▶ **WHAT YOU HAVE TO DO**:
Return every line of the data below exactly, but do not include the images.
········
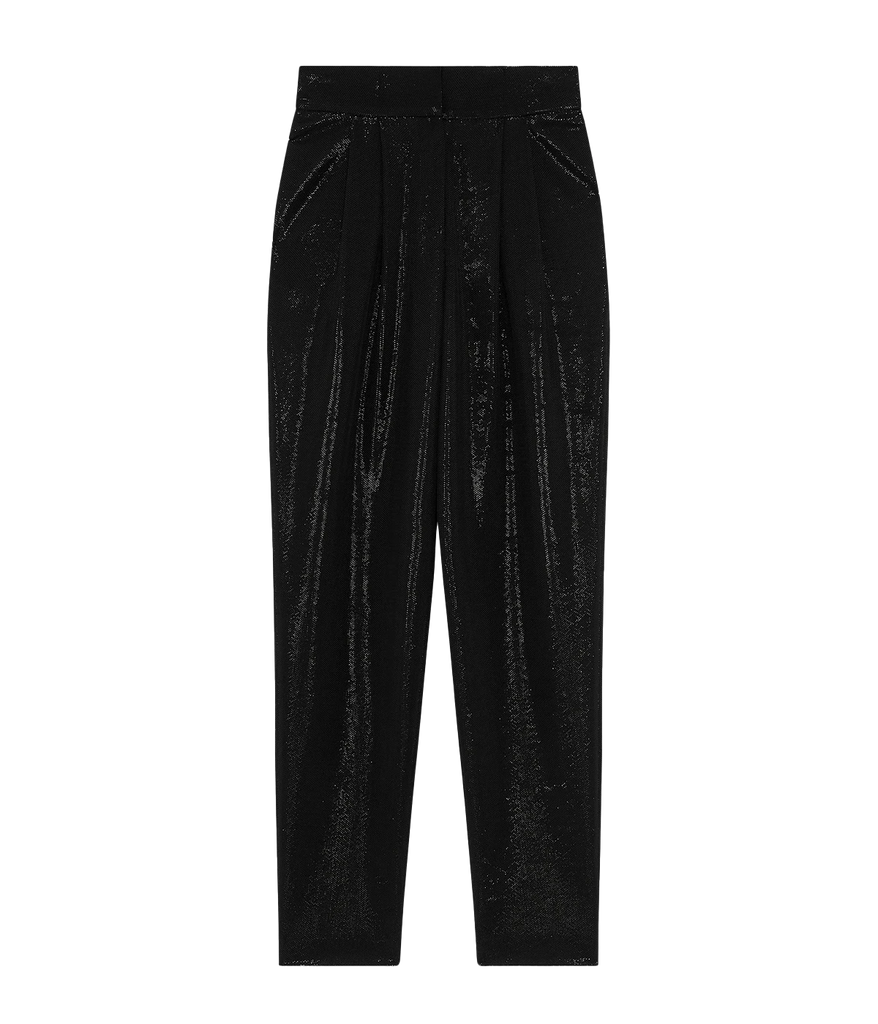 A high rise sleek black cigarette pant, with high waistband, shiny black material, darks and hook and eye zipper closure. Party wear, comfortable, sleek chic, matching set, made internationally. 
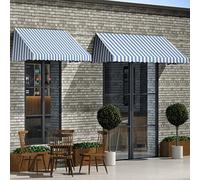 CINDERFUL Auvent de Bistro 400x120 cm Bleu et Blanc Stores extérieurs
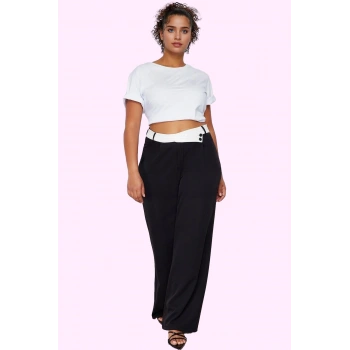 Kadın Polyester Dokuma Pantolon Yüksek Bel Geniş Paça Casual Tarz Yaz Aylarının Vazgeçilmezi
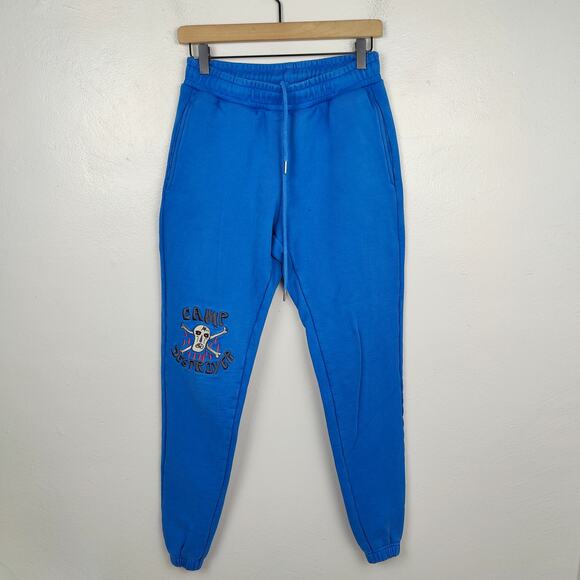 Cheatin Snakes Sweatpants Mens XS Blue Camp Destroyer Skater Joggers Lounge - Picture 1 of 8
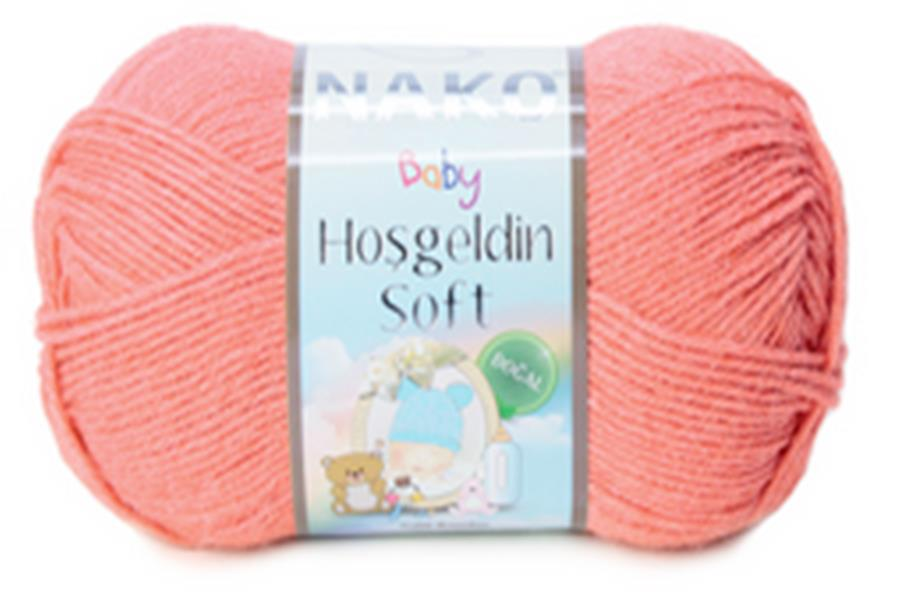Nako Hoşgeldin Soft Bebek Yünü El Örgü İpliği 100 Gr 3655 Mercan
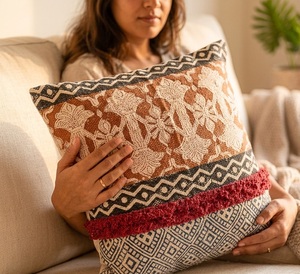 Funda de Cojín de Algodón con Estampado Geométrico Cuadrado Índigo, Moderna y de Primera Calidad, para Decoración del Hogar, Sala de Estar y Dormitorio - Product Image 2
········
▶ **RESULT FOR THIS TASK**:
 A high rise sleek black cigarette pant, with high waistband, shiny black material, darks and hook and eye zipper closure. Party wear, comfortable, sleek chic, matching set, made internationally. 
 CINDERFUL Auvent de Bistro 400x120 cm Bleu et Blanc Stores extérieurs
 Kadın Polyester Dokuma Pantolon Yüksek Bel Geniş Paça Casual Tarz Yaz Aylarının Vazgeçilmezi
 Cheatin Snakes Sweatpants Mens XS Blue Camp Destroyer Skater Joggers Lounge - Picture 1 of 8
Nako Hoşgeldin Soft Bebek Yünü El Örgü İpliği 100 Gr 3655 Mercan
 Funda de Cojín de Algodón con Estampado Geométrico Cuadrado Índigo, Moderna y de Primera Calidad, para Decoración del Hogar, Sala de Estar y Dormitorio - Product Image 2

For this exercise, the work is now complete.